Today’s page from the Devotional comes to us from Justin Holcomb.  Therefore, if anyone is in Christ, […]

Mockingbird / 10.26.15

Today’s page from the Devotional comes to us from Justin Holcomb. 

Therefore, if anyone is in Christ, he is a new creation; the old has passed away; the new has come. All this is from God, who through Christ reconciled us to himself and gave us the ministry of reconciliation; that is, in Christ God was reconciling the world to himself, not counting their trespasses against them, and entrusting to us the message of reconciliation. Therefore, we are ambassadors for Christ, God making his appeal through us. We implore you on behalf of Christ, be reconciled to God.
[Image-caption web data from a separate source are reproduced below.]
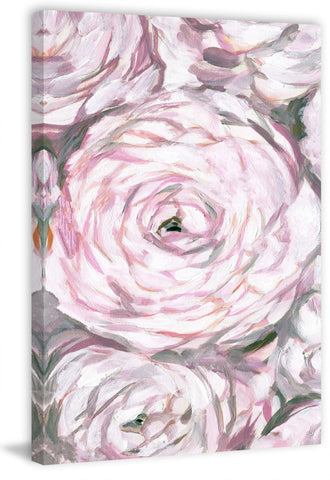 Peonies Spotlight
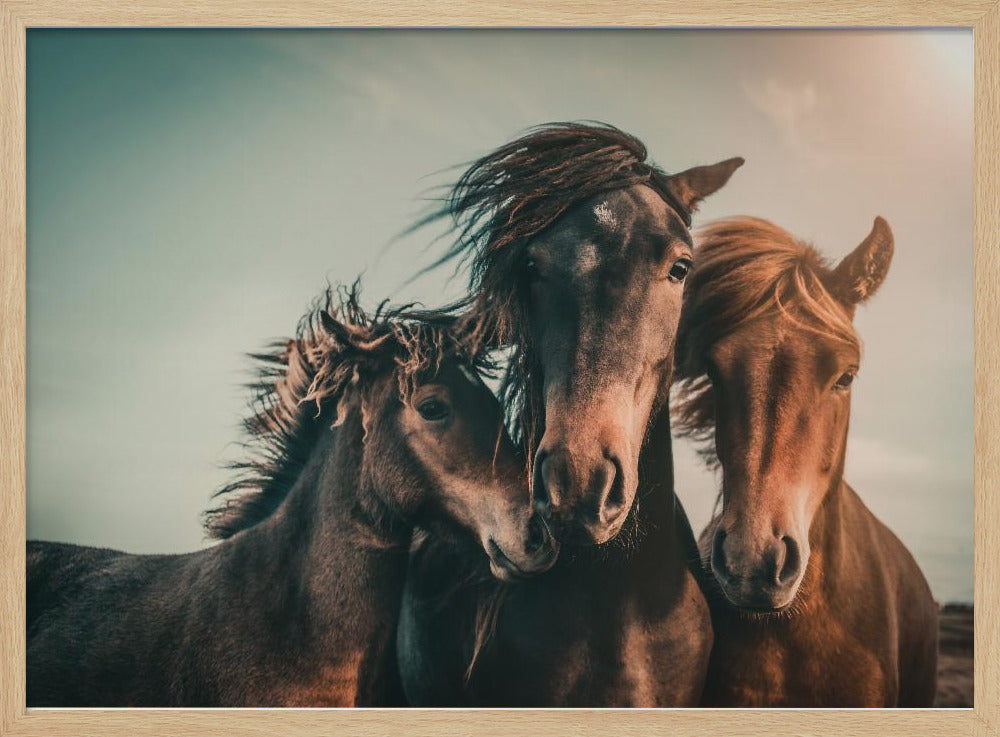 Family portrait | Poster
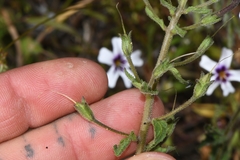 Jamesbrittenia racemosa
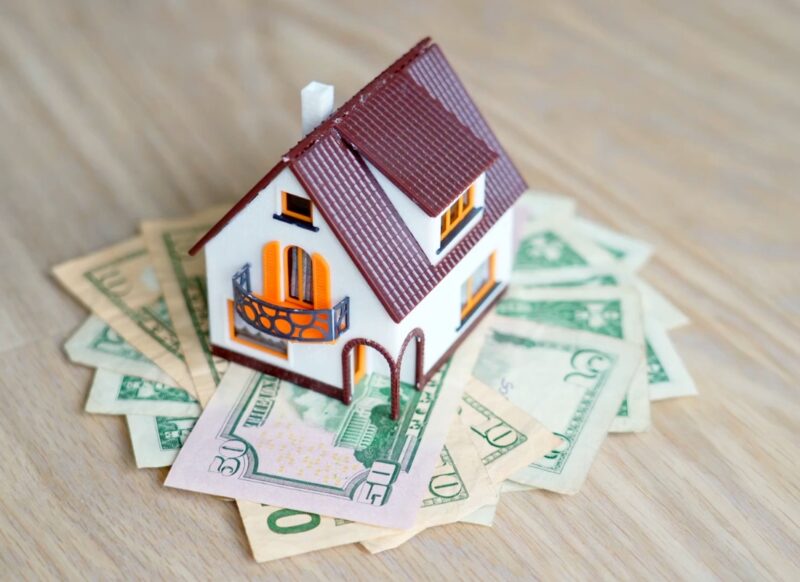 prikaz osobe i kuće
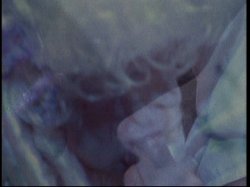 'Appassionata' screenshot nº 96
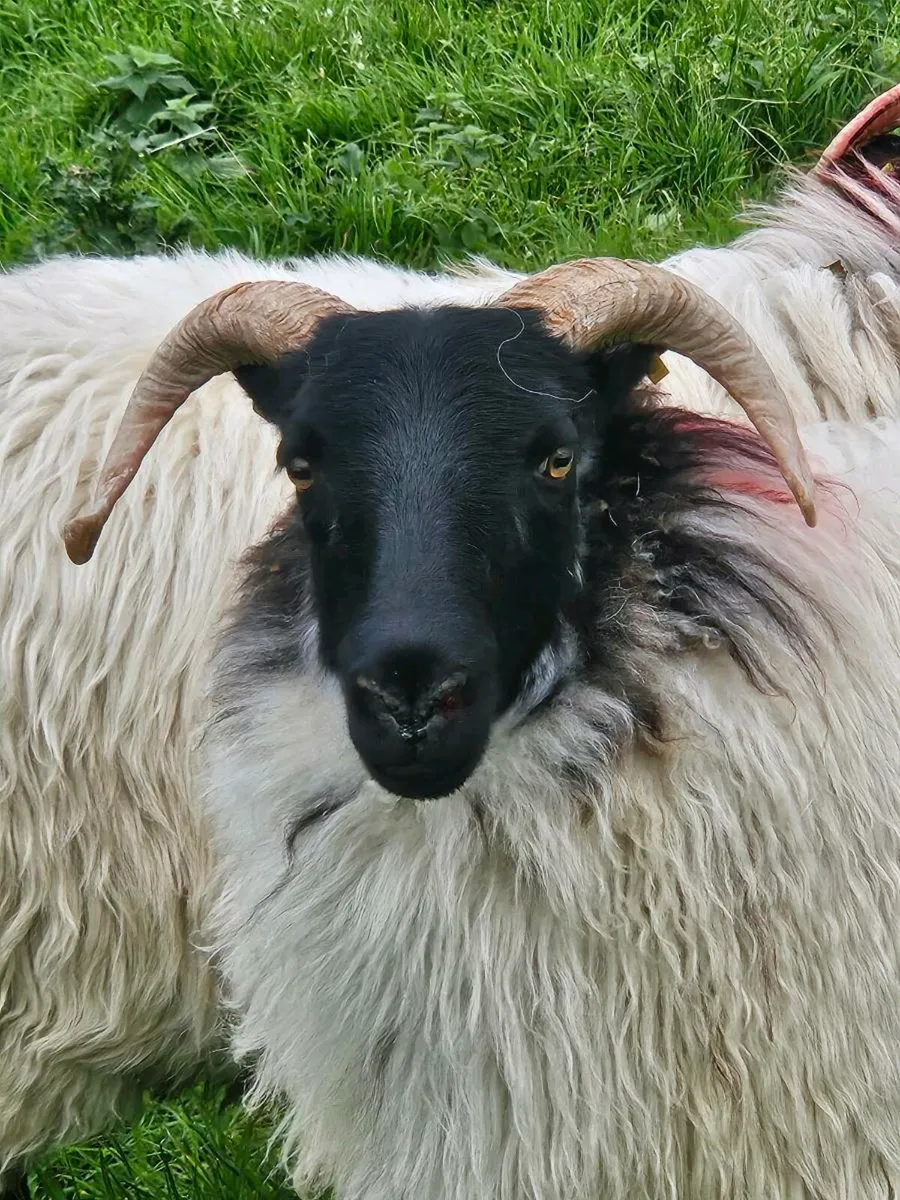 HOGGETS - Image 2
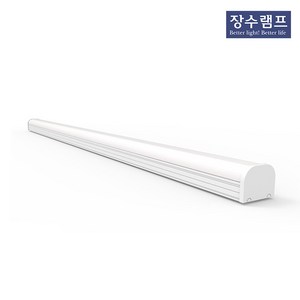 장수램프 LED 주차장등 DC타입 40W 1200mm, 주광색10개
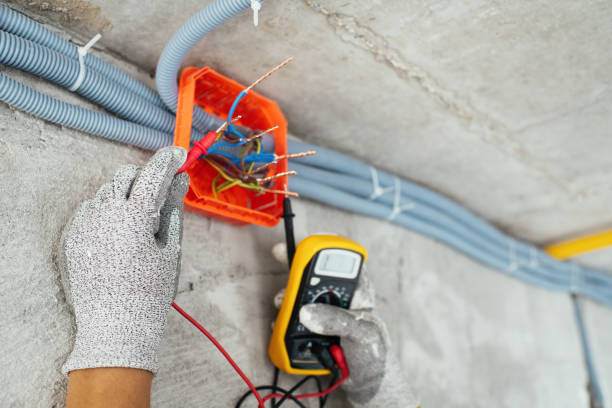 Best Licensed Electrician  in Bradford, TN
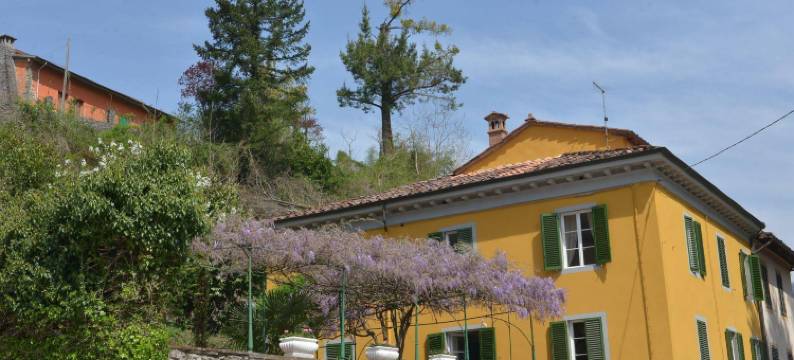 卢凯西别墅旅馆(Villa Lucchesi)图片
For our sake he made him to be sin who knew no sin, so that in him we might become the righteousness of God. (2 Corinthians 5:17-21, ESV)

Paul here talks about the reconciled becoming reconcilers. God reconciles Paul to Himself through Christ and, second, He gives Paul the ministry of reconciliation. Paul is the only New Testament writer to use the noun “reconciliation” and verb “to reconcile.” Reconcile means “to bring back to friendship after estrangement, to harmonize.” The picture is to re-establish an original peace that once existed. In Paul’s writings, God is always the reconciler. The initiative is God’s, who changes a relationship of enmity to one of friendship, and this is accomplished through Christ, through his death on the cross.

The recipient, he then says, is the world. This means that reconciliation is comprehensive and all-encompassing. God’s reconciliation is done in forgiveness—by not “counting against us” the amount of a debt we owe. Like late charges on a credit card for which we are legally responsible, God doesn’t post the debts to our account that should rightfully be ours. This is because Christ so closely identified with the plight of humanity that their sin became his.

This is our great hope—that Christ’s death took the consequences of our sins, that his perfect life is attributed to our account, that where sin abounds, grace abounds even more, that where we are weak, God is strong. This is what it means to be an ambassador of Christ, simply and honestly communicating our weakness, helping others with the pressure they feel to display to the world their infinite and paltry successes. If it’s already covered, and the account is settled, why are we wasting so much time and energy displaying our self-righteousness? Why not boast in weakness?